Malaysia's Prime Minister Ismail Sabri Yaakob has been forced to miss his own new Cabinet's swearing-in on Monday due to COVID-19 concerns.
Ismail Sabri, who took office a little over a week ago and named his ministers Friday, is in quarantine for two weeks after coming into contact with someone who later tested positive for the virus.
The precautions mean the new premier will also miss Malaysia's Independence Day celebrations Tuesday and will instead "participate virtually," according to a statement by the Prime Minister's Office.
Ismail Sabri's new Deputy Education Minister Mohamad Alamin has also been forced to miss this week's events after testing positive for the virus.
Monday saw new virus cases dip below the 20,000 mark for the first day in almost a week, after Thursday's record of 393 virus-related deaths and almost 25,000 new cases, the most in one day.

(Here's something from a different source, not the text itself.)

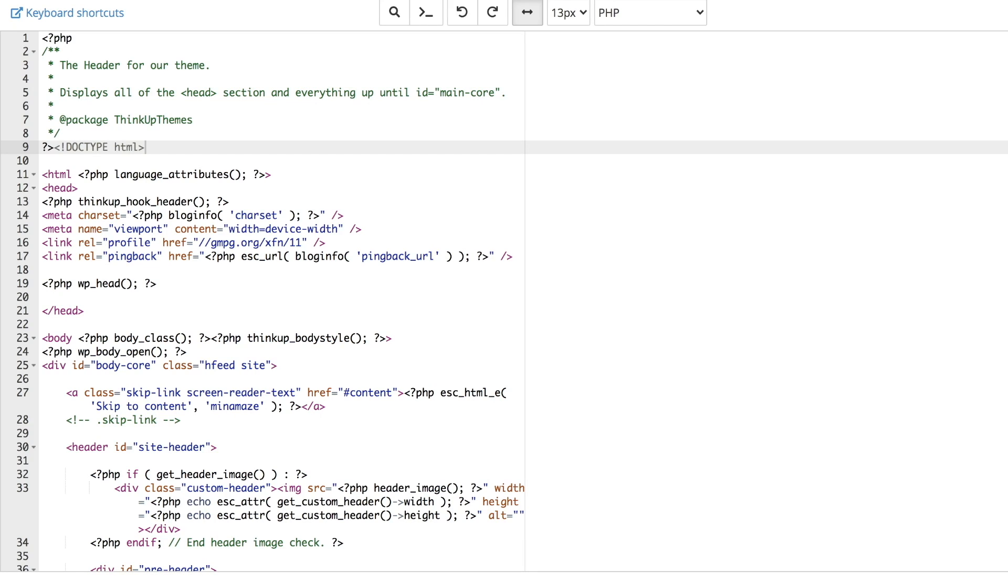Have you ever wanted to use Google Analytics in WordPress without plugins? In this video, I'll show you how to do so.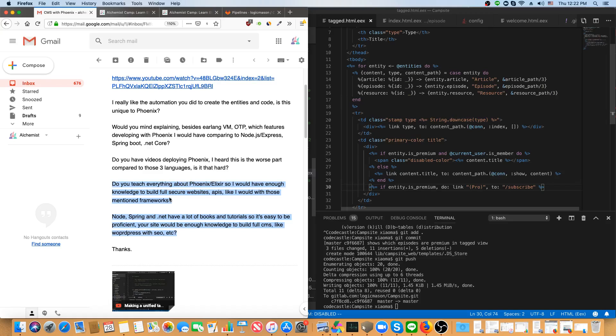In fact, the security portions of the episodes, like logging in with a password or those kinds of things are all based off of official guides and things that people make working on the core of Phoenix or Elixir have shared.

The soaring numbers, by far the highest per capita in Southeast Asia and among the highest globally, according to official numbers provided by the University of Oxford's Our World in Data, come despite a lockdown in place since May when case numbers hit around 4,000 a day.
Criticism of the government's handling of the pandemic forced previous Prime Minister Muhyiddin Yassin to step down, opening the way for Ismail Sabri, who was defense minister and briefly deputy premier, to take over.